At the forefront of the report’s recommendations is the need to boost local economies. The report says that trickle-down from the big cities is failing the former coalfields, which mostly cover smaller towns and communities.
With a combined population of 5.7 million – roughly the same as a typical English region and more than the whole of Scotland – the former coalfields are too big to ignore, says the report. They include places of acute disadvantage, and though unemployment has fallen economic inactivity remains widespread.
The State of the Coalfields report for example, by academics at Sheffield Hallam University, found that the former coalfields have only 55 employee jobs per 100 residents of working age, compared to a national average of 73 and 84 in the main regional cities.
In addition to calling for stronger policies to grow the local economies of the former coalfields the report calls for:
• Investment in transport, particularly local rail
• More high-quality apprenticeships
• Monies returned to the Treasury to be used to fund small business
units
• Geothermal mine water to be investigated as a source of green
energy
• Longer-term levelling up funding, allocated by formula not bidding
• A higher share of miners’ pension fund surpluses to go to retirees
• UK Government funding for coal tip safety in Wales
• A better deal for the coalfields from Lottery funding.

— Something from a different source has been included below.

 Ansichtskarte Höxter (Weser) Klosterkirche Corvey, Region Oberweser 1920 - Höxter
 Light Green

Paul Howell MP (Conservative, Sedgefield) member of Business, Energy and Industrial Strategy Committee during the Mineworkers’ Pension Scheme Report of Session 2019–21 and Co-Chair of APPG for ‘Left Behind’ Neighbourhoods, said: “Investment in bus services and reopening the Leamside line is an integral part of delivering on the levelling-up agenda. It’s a key long-term aspiration for the north-east and boasts cross-party support from MPs, councillors, businesses and partnerships.

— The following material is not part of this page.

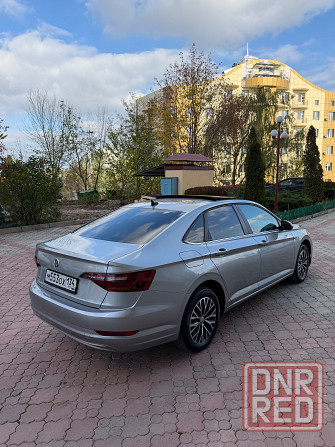 Volkswagen Jetta Sel Донецк - изображение 2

“Recent cuts to bus services have had a devastating effect across the Sedgefield constituency and I’ve been working closely with Tees Valley Combined Authority, Darlington Borough Council and Durham County Council to find out the best way to ensure my constituents have access to employment and educational opportunities as well as access to health care, leisure and retail and just being able to stay in touch with family and friends.
“Coalfield communities worked hard for us, now let’s work hard for them by opening up and improving transport routes across bus and rail services.”
Durham County Councillor David Sutton-Lloyd, Conservative Councillor for Aycliffe North & Middridge and Chair of the Northern area of the Industrial Communities Alliance attended the Coalfields Community Event in Westminster on Monday 12th June 2023 and said: “As Chair of the Northern area of the Industrial Communities Alliance I welcome the progress made on the next steps of these important issues for the future of many former coalfields including Durham.
“This report builds on the excellent long standing research work of the National Industrial Alliance who have submitted well balanced plans on ‘levelling up’ crucially Shared Prosperity Funding, streamlining and long-term funding plans, together with other ideas on education, apprenticeships and gap funding. All need to be acted on.”